Это был разгар строительства Днепрогэса. Быки плотины были выведены почти доверху, но еще не соединены. Нам приходилось снимать картину в самых невероятных местах строительства, причем случалось буквально висеть над пропастью в несколько десятков метров.

Мачерет, надо вам сказать, страдал боязнью пространства и высоты. Представьте же себе этого режиссера, которому приходилось руководить съемкой, стоя на узкой дощечке, проложенной с одного быка на другой. А под ним метрах в тридцати внизу — Днепр.

Мачерет проявил подлинный героизм в этих обстоятельствах. Работать ему было невероятно трудно. Не забудьте, что нам приходилось изобретать все: мы ничего не знали.

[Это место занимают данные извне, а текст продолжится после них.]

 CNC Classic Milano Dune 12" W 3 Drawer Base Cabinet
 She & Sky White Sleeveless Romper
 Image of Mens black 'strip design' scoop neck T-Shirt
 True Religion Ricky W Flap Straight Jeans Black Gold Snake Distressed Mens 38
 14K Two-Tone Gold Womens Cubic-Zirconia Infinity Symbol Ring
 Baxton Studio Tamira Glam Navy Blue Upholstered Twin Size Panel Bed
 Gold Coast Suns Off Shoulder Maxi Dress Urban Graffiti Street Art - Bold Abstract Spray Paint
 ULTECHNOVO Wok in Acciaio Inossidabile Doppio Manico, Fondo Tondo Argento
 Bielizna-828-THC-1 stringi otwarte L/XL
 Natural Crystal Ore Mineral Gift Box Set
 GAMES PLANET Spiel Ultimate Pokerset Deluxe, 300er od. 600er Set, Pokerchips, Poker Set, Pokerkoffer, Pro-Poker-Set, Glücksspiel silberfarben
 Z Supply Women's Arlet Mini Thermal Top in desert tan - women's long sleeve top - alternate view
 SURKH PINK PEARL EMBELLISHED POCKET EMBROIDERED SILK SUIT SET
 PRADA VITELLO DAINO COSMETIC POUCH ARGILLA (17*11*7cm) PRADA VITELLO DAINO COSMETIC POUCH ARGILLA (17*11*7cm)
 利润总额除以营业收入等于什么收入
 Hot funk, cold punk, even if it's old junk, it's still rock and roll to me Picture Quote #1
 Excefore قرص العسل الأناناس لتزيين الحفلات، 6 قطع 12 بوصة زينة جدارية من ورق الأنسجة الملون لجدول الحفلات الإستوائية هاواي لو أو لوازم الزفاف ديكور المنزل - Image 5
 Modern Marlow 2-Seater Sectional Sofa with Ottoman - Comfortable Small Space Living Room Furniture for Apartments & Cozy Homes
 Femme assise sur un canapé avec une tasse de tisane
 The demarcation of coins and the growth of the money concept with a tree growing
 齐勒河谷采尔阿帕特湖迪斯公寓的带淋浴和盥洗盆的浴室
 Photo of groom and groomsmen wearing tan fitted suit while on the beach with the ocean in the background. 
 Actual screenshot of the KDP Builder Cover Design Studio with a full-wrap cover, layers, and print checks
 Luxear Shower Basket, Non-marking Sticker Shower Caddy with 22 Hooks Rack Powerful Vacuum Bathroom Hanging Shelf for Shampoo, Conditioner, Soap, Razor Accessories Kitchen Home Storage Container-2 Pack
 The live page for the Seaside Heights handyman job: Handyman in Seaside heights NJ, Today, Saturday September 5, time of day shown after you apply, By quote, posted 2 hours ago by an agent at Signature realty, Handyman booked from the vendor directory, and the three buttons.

Директор наш, Коля Матросов, усвоил один-единственный способ организации съемок. Каждую неделю он ездил в Днепропетровск и закупал там ящик папирос. Потом целыми днями он бродил по строительству, шнырял между кранами, дерриками, экскаваторами, опалубками и каждому встречному совал по коробке папирос. Вскоре он стал популярнейшим человеком на строительстве. Когда мимо нас проносился состав с бетоном, машинист уже рефлекторно давал свисток, выпускал пар и отворачивался от аппарата, ибо все уже знали, что в аппарат смотреть нельзя и из паровоза должен идти пар в любую секунду.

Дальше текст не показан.